Whether or not the encode operation can process all forms of input into code unit values. This is true for all Unicode Transformation Formats (UTFs), which can encode and decode without loss of information from a valid input code point.

Public Static Functions

static inline constexpr ::ztd::span<const code_unit, 3> replacement_code_units() noexcept

Returns the replacement code units to use for the ztd::text::replacement_handler_t error handler.

static inline constexpr ::ztd::span<const code_point, 1> replacement_code_points() noexcept

Returns the replacement code point to use for the ztd::text::replacement_handler_t error handler.

static inline constexpr auto skip_input_error(decode_result<_Input, _Output, _State> __result, const _InputProgress &__input_progress, const _OutputProgress &__output_progress) noexcept

Allows an encoding to discard input characters if an error occurs, taking in both the state and the input sequence to modify through the result type.

Remark

This will skip every input value until a proper starting byte is found.

static inline constexpr auto skip_input_error(encode_result<_Input, _Output, _State> __result, const _InputProgress &__input_progress, const _OutputProgress &__output_progress) noexcept

Allows an encoding to discard input characters if an error occurs, taking in both the state and the input sequence (by reference) to modify.

Remark

This will skip every input value until a proper UTF-32 unicode scalar value (or code point) is found.

static inline constexpr auto encode_one(_Input &&__input, _Output &&__output, _ErrorHandler &&__error_handler, encode_state &__s)

Encodes a single complete unit of information as code units and produces a result with the input and output ranges moved past what was successfully read and written; or, produces an error and returns the input and output ranges untouched.

Remark

To the best ability of the implementation, the iterators will be returned untouched (e.g., the input models at least a view and a forward_range). If it is not possible, returned ranges may be incremented even if an error occurs due to the semantics of any view that models an input_range.

Parameters:
  • __input – [in] The input view to read code points from.

  • __output – [in] The output view to write code units into.

  • __error_handler – [in] The error handler to invoke if encoding fails.

  • __s – [inout] The necessary state information.

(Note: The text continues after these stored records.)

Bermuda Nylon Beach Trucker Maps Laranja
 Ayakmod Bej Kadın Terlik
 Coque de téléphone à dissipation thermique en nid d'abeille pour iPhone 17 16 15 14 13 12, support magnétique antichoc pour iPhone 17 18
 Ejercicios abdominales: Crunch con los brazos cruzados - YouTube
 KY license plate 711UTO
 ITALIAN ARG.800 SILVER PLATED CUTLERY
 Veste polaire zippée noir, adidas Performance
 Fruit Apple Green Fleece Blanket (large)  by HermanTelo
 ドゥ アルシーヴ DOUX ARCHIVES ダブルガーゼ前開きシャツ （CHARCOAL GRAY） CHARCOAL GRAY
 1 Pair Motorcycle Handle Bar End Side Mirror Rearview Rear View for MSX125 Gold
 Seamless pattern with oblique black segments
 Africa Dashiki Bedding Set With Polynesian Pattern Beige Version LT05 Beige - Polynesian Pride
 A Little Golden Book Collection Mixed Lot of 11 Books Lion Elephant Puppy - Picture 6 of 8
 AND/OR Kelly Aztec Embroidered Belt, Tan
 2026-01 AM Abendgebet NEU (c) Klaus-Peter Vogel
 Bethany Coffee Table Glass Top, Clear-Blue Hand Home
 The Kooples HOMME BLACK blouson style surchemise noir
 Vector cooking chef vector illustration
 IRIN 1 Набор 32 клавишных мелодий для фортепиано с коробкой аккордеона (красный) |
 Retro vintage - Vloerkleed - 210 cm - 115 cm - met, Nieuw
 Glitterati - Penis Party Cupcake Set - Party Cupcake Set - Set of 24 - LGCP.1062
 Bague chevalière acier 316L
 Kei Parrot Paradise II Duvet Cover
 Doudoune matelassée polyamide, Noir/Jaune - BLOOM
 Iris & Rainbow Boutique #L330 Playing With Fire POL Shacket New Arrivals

For this encoding, the state is empty and means very little.

Returns:

A ztd::text::encode_result object that contains the reconstructed input range, reconstructed output range, error handler, and a reference to the passed-in state.

static inline constexpr auto decode_one(_Input &&__input, _Output &&__output, _ErrorHandler &&__error_handler, decode_state &__s)

Decodes a single complete unit of information as code points and produces a result with the input and output ranges moved past what was successfully read and written; or, produces an error and returns the input and output ranges untouched.

Remark

To the best ability of the implementation, the iterators will be returned untouched (e.g., the input models at least a view and a forward_range). If it is not possible, returned ranges may be incremented even if an error occurs due to the semantics of any view that models an input_range.

Parameters:
  • __input – [in] The input view to read code uunits from.

  • __output – [in] The output view to write code points into.

  • __error_handler – [in] The error handler to invoke if encoding fails.

  • __s – [inout] The necessary state information. For this encoding, the state is empty and means very little.

Returns:

A ztd::text::decode_result object that contains the reconstructed input range, reconstructed output range, error handler, and a reference to the passed-in state.

Public Static Attributes

static constexpr ::std::size_t max_code_points

The maximum number of code points a single complete operation of decoding can produce. This is 1 for all Unicode Transformation Format (UTF) encodings.

static constexpr ::std::size_t max_code_units

The maximum code units a single complete operation of encoding can produce. If overlong sequence allowed, this is 6: otherwise, this is 4.

static constexpr ::ztd::text_encoding_id encoded_id

The encoding ID for this type. Used for optimization purposes.

static constexpr ::ztd::text_encoding_id decoded_id

The encoding ID for this type. Used for optimization purposes.